2. Notice the notation used in your textbook and on this site.
3. Make flashcards (handwritten is best but a system like quizlet will also work) to help prepare for exams. Study your cards on the bus, between classes or while waiting for class to start.
4. Check for additional general study hints on the study techniques page.

If we have vectors, $$\vec{u} = \langle u_1, u_2, u_3 \rangle$$ and $$\vec{v} = \langle v_1, v_2, v_3 \rangle$$, the dot product is $$\vec{u} \cdot \vec{v} = u_1 v_1 + u_2 v_2 + u_3 v_3$$. Another way to calculate the dot product is $$\vec{u} \cdot \vec{v} = \norm{\vec{u}} \norm{\vec{v}} \cos \theta$$ where $$\theta$$ is the angle between vectors $$\vec{u}$$ and $$\vec{v}$$.
With dot products, we are required to write the dot between $$\vec{u}$$ and $$\vec{v}$$ to indicate the dot product. Writing the two vectors side by side with nothing in between like this $$\vec{u} \vec{v}$$ makes no sense and is incorrect. In two dimensions we can think of $$u_3 = 0$$ and $$v_3 = 0$$ and the above equation holds. Notice the result of the dot product of two vectors is a scalar. This is why the dot product is sometimes called the scalar product.

Okay, so let's watch a video clip showing a quick overview of the dot product. This video is for two dimensional vectors.

### PatrickJMT - overview of the dot product [1min-37secs]

video by PatrickJMT

It works the same for three dimensional vectors, shown in this video clip.
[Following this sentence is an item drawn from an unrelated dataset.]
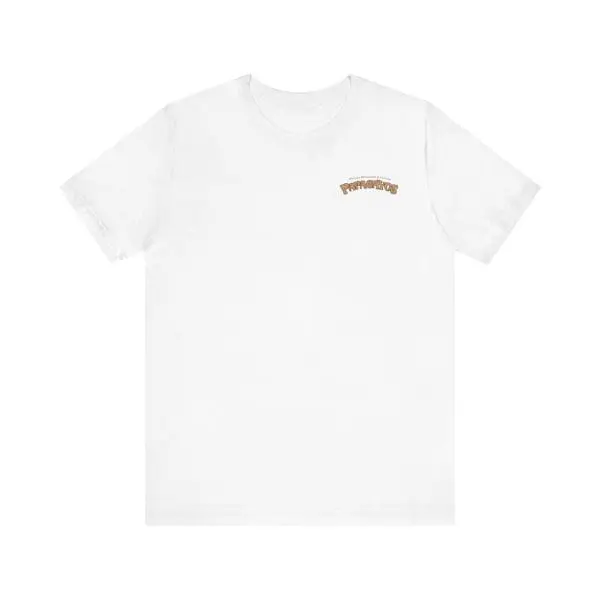 papagayos mexican restaurant t shirt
### PatrickJMT - dot product in three dimensions [23secs]

video by PatrickJMT

Properties of the Dot Product

If we let $$\vec{u}$$, $$\vec{v}$$ and $$\vec{w}$$ be vectors and $$k$$ be a scalar, the following properties hold for the dot product.

$$\vec{u} \cdot \vec{v} = \vec{v} \cdot \vec{u}$$

commutative property

$$\vec{u} \cdot ( \vec{v} + \vec{w} ) = \vec{u} \cdot \vec{v} + \vec{u} \cdot \vec{w}$$

distributive property

$$k(\vec{u} \cdot \vec{v} ) = k\vec{u} \cdot \vec{v} = \vec{u} \cdot k\vec{v}$$

$$\vec{u} \cdot \vec{0} = 0$$

$$\vec{0}$$ is the zero vector

$$\vec{v} \cdot \vec{v} = \norm{\vec{v}} ^2$$

The double bars on $$\norm{\vec{v}}$$ indicate the magnitude of the vector $$\vec{v}$$, usually called the vector norm. See the Vector Representations panel on the main vectors page for detail on the vector norm.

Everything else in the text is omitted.